━━━━━ Given material ━━━━━
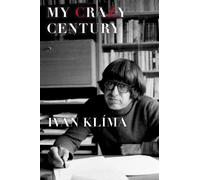 Ivan Klíma My Crazy Century (Tascabile)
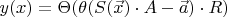 $y(x) = \Theta(\theta(S(\vec x) \cdot A - \vec a) \cdot R)$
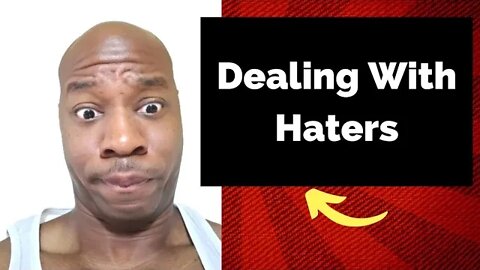 Dealing With Haters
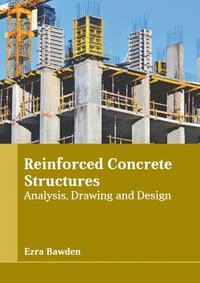 bokomslag Reinforced Concrete Structures: Analysis, Drawing and Design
━━━━━
Problem to work on :: Using the listing above, copy every line from the line containing "a) \cdot R)$" through the last one, both included, and no other lines. Pictures stay out.

Finished exercise ::
 $y(x) = \Theta(\theta(S(\vec x) \cdot A - \vec a) \cdot R)$
 Dealing With Haters
 bokomslag Reinforced Concrete Structures: Analysis, Drawing and Design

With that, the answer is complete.